Charlemagne (d. 814) was crowned in the basilica of Aachen (Germany), which he had dedicated to the Mother of God. He received the relic of the belt of the Blessed Virgin given to him by the Empress of Constantinople (today Istanbul,Turkey) with great devotion and wore a medal of Our Lady around his neck all his life. As he was nearing his death, he asked to be buried with a statue of the Madonna and Child placed on his heart.
After his death, the Council of Mainz (Germany) instituted the feast of the Assumption in the whole Frankish Empire. Charlemagne's empire marked the end of feudalism and the beginning of the unification of Europe, which was born at the same time as Christianity, under the protection of the Mother of God.
In 778, weary of the stubborn resistance of the Saracen Lord Mirat in the citadel of Mirambel (now the citadel of Lourdes), Charlemagne was about to give up and lift the siege, when his friend Turpin, bishop of Puy-en-Velay (southern France), had an inspiration. He obtained permission to go and parley with the besieged, asking Mirat whether he would accept to sign the treaty of surrender not to Charlemagne, but to the Queen of Heaven.

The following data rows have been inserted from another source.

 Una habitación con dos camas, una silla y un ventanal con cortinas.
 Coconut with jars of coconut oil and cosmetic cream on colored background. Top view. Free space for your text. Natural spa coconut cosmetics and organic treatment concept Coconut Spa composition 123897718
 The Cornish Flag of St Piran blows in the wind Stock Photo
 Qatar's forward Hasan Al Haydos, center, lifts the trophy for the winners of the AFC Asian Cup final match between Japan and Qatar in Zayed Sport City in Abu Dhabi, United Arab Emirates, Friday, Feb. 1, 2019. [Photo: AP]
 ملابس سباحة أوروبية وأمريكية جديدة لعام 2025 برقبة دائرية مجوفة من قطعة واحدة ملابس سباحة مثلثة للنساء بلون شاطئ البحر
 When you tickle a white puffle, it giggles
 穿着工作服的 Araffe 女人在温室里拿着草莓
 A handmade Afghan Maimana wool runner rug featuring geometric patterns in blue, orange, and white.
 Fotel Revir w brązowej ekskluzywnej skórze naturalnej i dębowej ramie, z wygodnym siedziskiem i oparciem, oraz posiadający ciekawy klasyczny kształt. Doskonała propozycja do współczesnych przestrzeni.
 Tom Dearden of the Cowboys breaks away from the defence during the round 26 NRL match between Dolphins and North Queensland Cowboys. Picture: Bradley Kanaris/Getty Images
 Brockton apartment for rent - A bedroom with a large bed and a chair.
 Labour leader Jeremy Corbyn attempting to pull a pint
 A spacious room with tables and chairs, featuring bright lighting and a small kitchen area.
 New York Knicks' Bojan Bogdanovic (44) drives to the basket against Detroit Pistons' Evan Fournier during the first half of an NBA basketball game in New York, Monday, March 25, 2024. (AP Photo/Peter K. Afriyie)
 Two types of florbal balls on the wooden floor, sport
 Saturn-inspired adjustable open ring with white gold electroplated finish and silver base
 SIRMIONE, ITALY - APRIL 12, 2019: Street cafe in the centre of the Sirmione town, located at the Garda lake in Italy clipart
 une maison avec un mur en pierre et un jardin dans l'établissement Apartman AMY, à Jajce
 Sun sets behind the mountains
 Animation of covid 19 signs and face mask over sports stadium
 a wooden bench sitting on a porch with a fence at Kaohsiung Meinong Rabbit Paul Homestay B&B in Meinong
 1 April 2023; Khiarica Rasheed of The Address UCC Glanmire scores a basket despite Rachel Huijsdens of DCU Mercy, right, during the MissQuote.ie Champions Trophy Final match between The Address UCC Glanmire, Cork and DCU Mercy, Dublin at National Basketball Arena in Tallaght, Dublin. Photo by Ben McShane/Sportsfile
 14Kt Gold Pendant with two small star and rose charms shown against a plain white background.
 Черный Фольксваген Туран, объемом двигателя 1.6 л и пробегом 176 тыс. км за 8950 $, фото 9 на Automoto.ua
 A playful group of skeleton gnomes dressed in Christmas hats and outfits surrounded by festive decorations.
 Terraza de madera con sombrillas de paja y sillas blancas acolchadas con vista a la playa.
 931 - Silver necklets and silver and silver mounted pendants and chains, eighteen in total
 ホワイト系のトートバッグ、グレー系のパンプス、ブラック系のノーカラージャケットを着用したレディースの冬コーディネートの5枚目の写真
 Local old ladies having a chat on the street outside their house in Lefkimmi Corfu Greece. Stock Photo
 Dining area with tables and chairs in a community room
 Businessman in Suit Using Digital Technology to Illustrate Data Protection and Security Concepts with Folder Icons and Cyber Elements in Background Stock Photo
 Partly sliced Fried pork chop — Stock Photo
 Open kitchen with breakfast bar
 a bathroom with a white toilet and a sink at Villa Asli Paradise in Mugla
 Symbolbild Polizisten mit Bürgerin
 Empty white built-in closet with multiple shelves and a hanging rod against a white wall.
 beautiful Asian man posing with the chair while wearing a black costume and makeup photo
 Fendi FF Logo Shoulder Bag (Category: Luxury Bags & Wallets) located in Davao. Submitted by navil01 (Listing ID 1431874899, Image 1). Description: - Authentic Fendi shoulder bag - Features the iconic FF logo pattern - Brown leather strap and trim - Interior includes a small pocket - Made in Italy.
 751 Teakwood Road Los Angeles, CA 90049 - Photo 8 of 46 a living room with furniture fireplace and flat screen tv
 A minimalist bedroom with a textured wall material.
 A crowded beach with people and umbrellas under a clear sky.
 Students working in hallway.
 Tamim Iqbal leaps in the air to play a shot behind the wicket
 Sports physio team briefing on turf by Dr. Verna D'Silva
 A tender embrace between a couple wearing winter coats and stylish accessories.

The terms of the surrender were agreeable to the Moorish chief, who laid down his arms at the feet of the Black Madonna of Le Puy, and was baptized. On the day of his baptism, Mirat changed his name to Lorus, which became the name of his city, and later “Lourdes.” A thousand years before her apparition to Saint Bernadette, the Virgin had thus officially been given dominion over the place where she appeared in the 19th century!